The task
In your copy, include every record exactly and no pictures.

[Items from a data source]
= Beginning of Section =

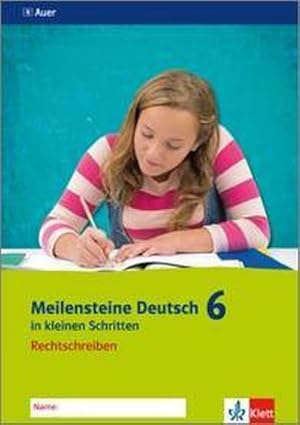 Seller image for Meilensteine Deutsch in kleinen Schritten. Rechtschreiben 6. Schuljahr. Ausgabe ab 2016 for sale by Smartbuy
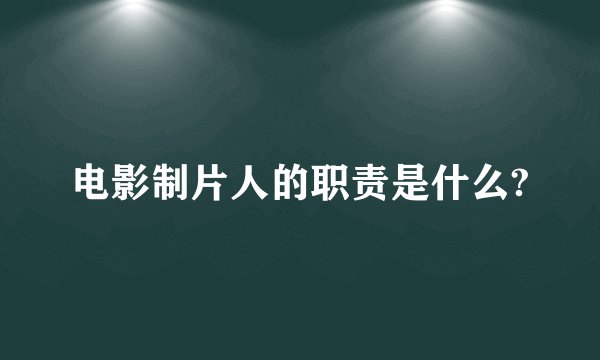 电影制片人的职责是什么?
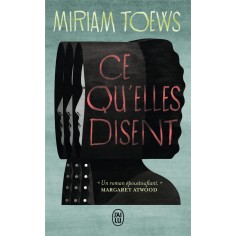 CE QU'ELLES DISENT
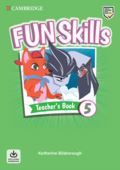 Cambridge University Press Fun Skills 5 Teachers Book with Audio Download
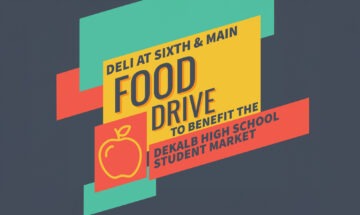 Dekalb High School Student Market - Food Drive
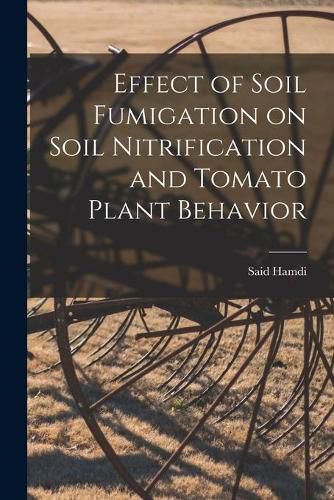 Cover image for Effect of Soil Fumigation on Soil Nitrification and Tomato Plant Behavior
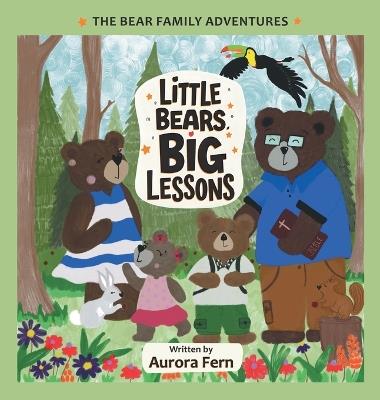 Little Bears, Big Lessons: The Bear Family Adventures - Aurora Fern - cover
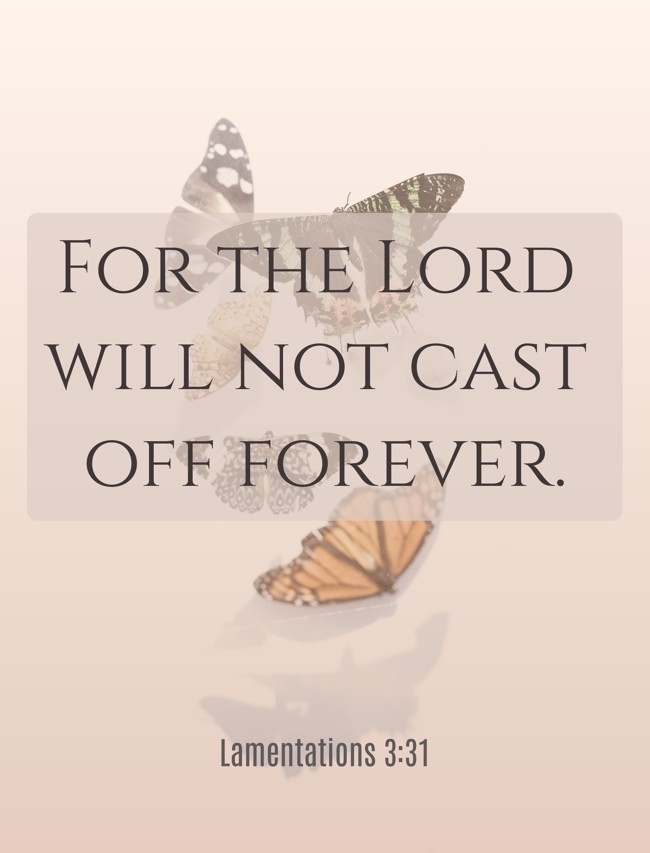 For the Lord will not cast off forever. - Lamentations 3:31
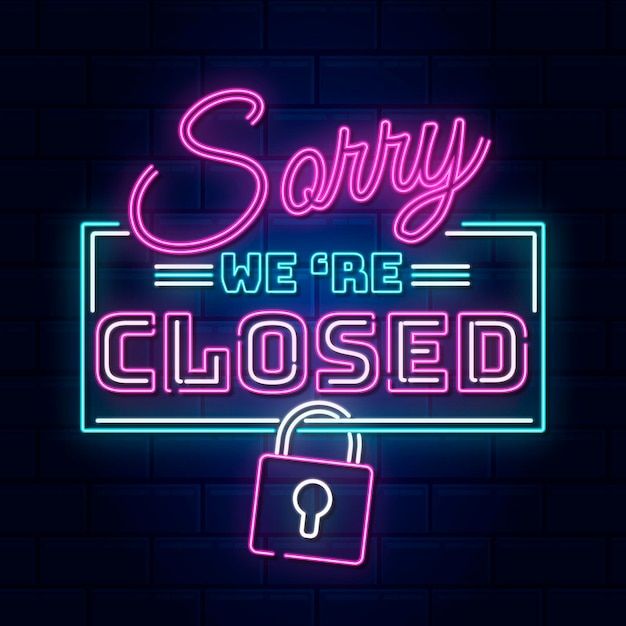 a neon sign that says sorry we're closed with a lock on the front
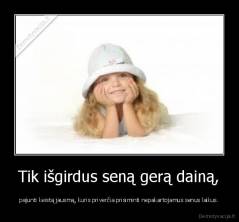 Tik išgirdus seną gerą dainą, - pajunti keistą jausmą, kuris priverčia prisiminti nepakartojamus senus laikus.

= End of Section =

Expected answer
 Seller image for Meilensteine Deutsch in kleinen Schritten. Rechtschreiben 6. Schuljahr. Ausgabe ab 2016 for sale by Smartbuy
 电影制片人的职责是什么?
 CE QU'ELLES DISENT
 Cambridge University Press Fun Skills 5 Teachers Book with Audio Download
 Dekalb High School Student Market - Food Drive
 Cover image for Effect of Soil Fumigation on Soil Nitrification and Tomato Plant Behavior
 Little Bears, Big Lessons: The Bear Family Adventures - Aurora Fern - cover
 For the Lord will not cast off forever. - Lamentations 3:31
 a neon sign that says sorry we're closed with a lock on the front
 Tik išgirdus seną gerą dainą, - pajunti keistą jausmą, kuris priverčia prisiminti nepakartojamus senus laikus.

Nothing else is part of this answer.